Apa saja handicap dari rencana hak angket ini. Apakah fakta koalisi pemerintahan jadi handicap terbesar?

Hak angket ini, hak biasa saja dalam pelaksanaan hak DPR, tentu segenap pihak khususnya Pemerintah/Presiden dan parpol pendukungnya kami harapkan dapat memahami dalam konteks yang obyektif untuk koreksi dan perbaikan bersama. Dalam kaitan itulah kami tidak melihat adanya handicap besar dalam pengusulan hak angket penyadapan ini.

Dari sejumlah hak yang melekat di DPR mengapa memilih Angket. Kalau sekedar mau mempertanyakan seputar kebijakan penyadapan, mengapa tidak dengan mengajukan interpelasi?

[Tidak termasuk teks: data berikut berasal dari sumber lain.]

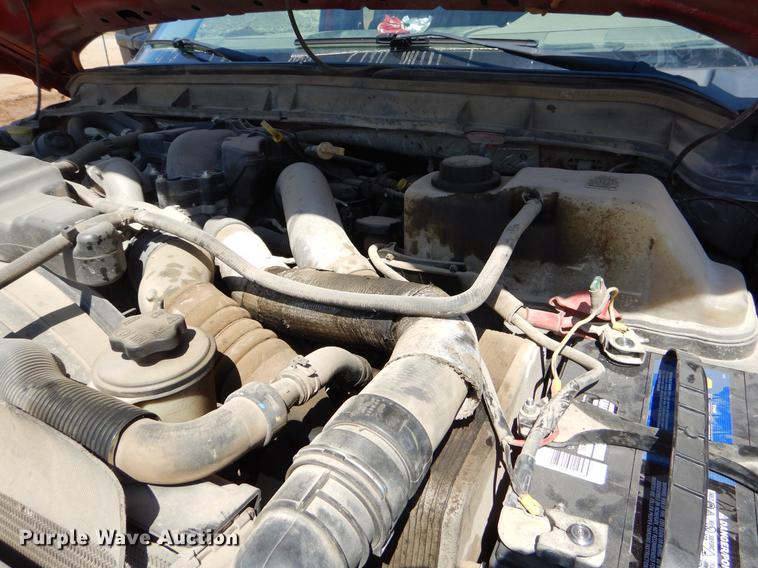 image for item EJ9910 2011 Ford F350 Super Duty SuperCab flatbed pickup truck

Ini bukan persoalan hak bertanya, karena memang indikasi adanya penyadapan cukup kuat, tentu kami ingin menyelidiki secara utuh agar bisa mengungkap siapa sesungguhnya yang melakukan penyadapan. Apakah dilakukan oleh aparat negara secara melawan hukum. Apakah dilakukan oleh perorangan/swasta atau apakah dilakukan oleh pihak asing? Untuk tujuan apa dilakukan penyadapan? Motif apa dilakukan penyadapan? Atau jangan-jangan memang penyadapan ini menjadi kebiasan atau dianggap bisa dilakukan sewenang-wenang?

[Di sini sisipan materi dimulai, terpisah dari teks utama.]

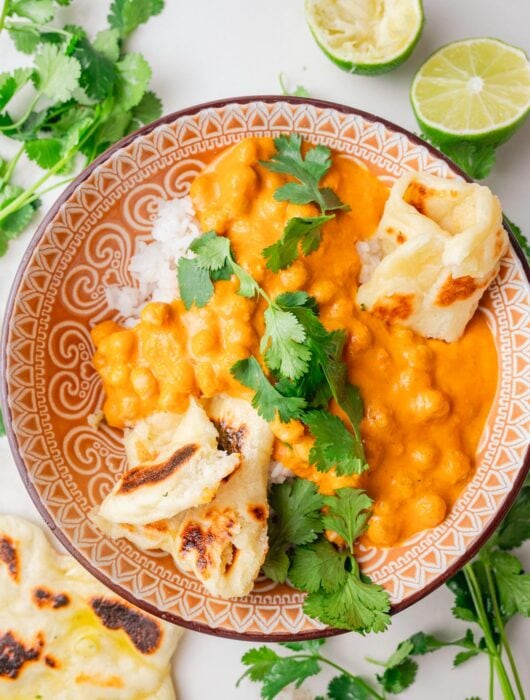 Chickpea curry with rice and pieces of Naan bread in a brown bowl.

Pengungkapan persoalan dugaan penyadapan tersebut melekat dan tidak bisa dipisahkan dengan kepentingan dan berdampak luas terhadap bangsa, negara dan masyarakat.

Dengan penyidikan itulah, kami harapkan akan terang standing tentang dugaan penyadapan tersebut. Untuk melakukan itu semua, kami memandang hak angket yang paling tepat.

Setelah hak angket, apakah hak menyatakan pendapat jadi target berikutnya?

Meskipun DPR memiliki hak-hak konstitusional yang dijamin undang-undang, tentu penggunaan hak tersebut harus kontekstual dan dijalankan sesuai mekanisme dan aturan main yang diatur oleh UU.

Standing kami loud and clear, Fraksi Partai Demokrat (FPD) senatiasa obyektif dan rasional dalam bersikap dan bertindak. FPD maupun fraksi manapun tidak akan bisa mendesain penggunaan hak-hak DPR tanpa alasan yang mendasar dan kontekstual yang dibenarkan undang-undang.